WASHINGTON, D.C. | APRIL 17, 2019 — Thanks to a directive enacted Tuesday by the European Parliament, whistleblowers in the European Union (“EU”) will soon have safe channels to report violations of the law. This is the first time that the EU has taken meaningful action to protect whistleblowers. Until now, witnesses to crime inside the workplace have had little protection against retaliation by their employers and thus have been deterred from notifying law enforcement. The directive will go into effect once approved by EU ministers; member countries will then be charged with implementing it.

John Kostyack, Executive Director of the National Whistleblower Center, praised the decision:

“The EU Directive on whistleblowing is a major step in the right direction.  The European Union, for the first time, has formally acknowledged the importance of protecting whistleblowers in their work against corruption.  It is now up to the various members of the EU to implement the Directive and ensure that whistleblowers are incentivized and protected.  Europe still has a long way to go, but important progress was made.”

European Commission Vice President Frans Timmermans said, “This will help tackle fraud, corruption, corporate tax avoidance and damage to people’s health and the environment.”

A key feature of the directive is its protection of whistleblowers from retaliation by employers, such as termination or demotion.  Whistleblowers are encouraged to make confidential reports to law enforcement authorities, and if the initial report does not receive “appropriate” action, or if they believe there is imminent danger to the public, or if there’s a risk of retaliation, they may make a public disclosure and still enjoy protections against retaliation..

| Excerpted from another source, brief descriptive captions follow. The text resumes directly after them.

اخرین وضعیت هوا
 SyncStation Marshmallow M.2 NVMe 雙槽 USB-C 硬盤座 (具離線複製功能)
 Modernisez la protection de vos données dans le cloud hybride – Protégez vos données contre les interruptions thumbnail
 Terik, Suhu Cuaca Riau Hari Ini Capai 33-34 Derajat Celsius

The directive was proposed last year following the public outcry over “Panama Papers” and other tax avoidance schemes. But initial drafts would have led to completely ineffective protections, requiring whistleblowers to report internally and thus forcing the sharing of incriminating information with those perpetrating crimes. The National Whistleblower Center (“NWC”) advocated against this provision, highlighting how this would be a poison pill and could ruin the lives and livelihoods of whistleblowers in Europe.

In two letters addressed to the Presidents of the European Parliament and the European Commission, the NWC  explained the grave risks that come with internal reporting requirements. The NWC argued that type of language “undermines the rule of law, violates international anti-corruption conventions, [and] violates U.S. securities laws applicable to numerous European companies.”

A critical step in the NWC’s advocacy took place last November when Stephen M. Kohn, then Executive Director and now Chairman of the Board, testified before the European Parliament. Among other things, Kohn’s testimony exposed efforts to create a loophole for those committing tax law violations. NWC also joined a coalition of 80 international organizations calling for the European Council and the Member States to remove the mandatory internal reporting regime.

Fortunately, the final directive contains no tax loophole and ensures  that whistleblowers are permitted to report wrongdoing to outside authorities. Earlier this month, the European Parliament spokesperson responded to the National Whistleblower Center directly, assuring that whistleblowers would indeed be protected.